Segment Start: DATA SECTION

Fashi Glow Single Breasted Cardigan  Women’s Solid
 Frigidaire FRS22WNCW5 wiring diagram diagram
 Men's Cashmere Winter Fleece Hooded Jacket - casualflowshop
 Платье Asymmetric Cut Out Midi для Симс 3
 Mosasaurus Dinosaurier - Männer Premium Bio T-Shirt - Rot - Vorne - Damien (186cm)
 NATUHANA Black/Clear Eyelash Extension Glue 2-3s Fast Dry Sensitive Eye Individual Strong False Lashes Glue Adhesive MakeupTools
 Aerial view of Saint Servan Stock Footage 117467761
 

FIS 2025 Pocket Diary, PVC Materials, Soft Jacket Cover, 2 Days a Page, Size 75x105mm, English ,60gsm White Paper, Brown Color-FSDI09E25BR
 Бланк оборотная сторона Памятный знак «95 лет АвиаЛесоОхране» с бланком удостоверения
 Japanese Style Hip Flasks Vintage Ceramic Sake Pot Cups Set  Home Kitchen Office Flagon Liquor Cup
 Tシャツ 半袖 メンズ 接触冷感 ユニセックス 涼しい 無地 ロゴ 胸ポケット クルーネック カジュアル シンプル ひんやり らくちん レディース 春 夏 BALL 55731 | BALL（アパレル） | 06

Segment End: DATA SECTION

WHAT IS NEEDED => Your response should consist solely of the lines from the one containing "NATUHANA Black/Clear Eyelash" to the end of the entries, both ends included, exactly as they appear.

RESPONSE TO THIS EXERCISE =>
 NATUHANA Black/Clear Eyelash Extension Glue 2-3s Fast Dry Sensitive Eye Individual Strong False Lashes Glue Adhesive MakeupTools
 Aerial view of Saint Servan Stock Footage 117467761
 

FIS 2025 Pocket Diary, PVC Materials, Soft Jacket Cover, 2 Days a Page, Size 75x105mm, English ,60gsm White Paper, Brown Color-FSDI09E25BR
 Бланк оборотная сторона Памятный знак «95 лет АвиаЛесоОхране» с бланком удостоверения
 Japanese Style Hip Flasks Vintage Ceramic Sake Pot Cups Set  Home Kitchen Office Flagon Liquor Cup
 Tシャツ 半袖 メンズ 接触冷感 ユニセックス 涼しい 無地 ロゴ 胸ポケット クルーネック カジュアル シンプル ひんやり らくちん レディース 春 夏 BALL 55731 | BALL（アパレル） | 06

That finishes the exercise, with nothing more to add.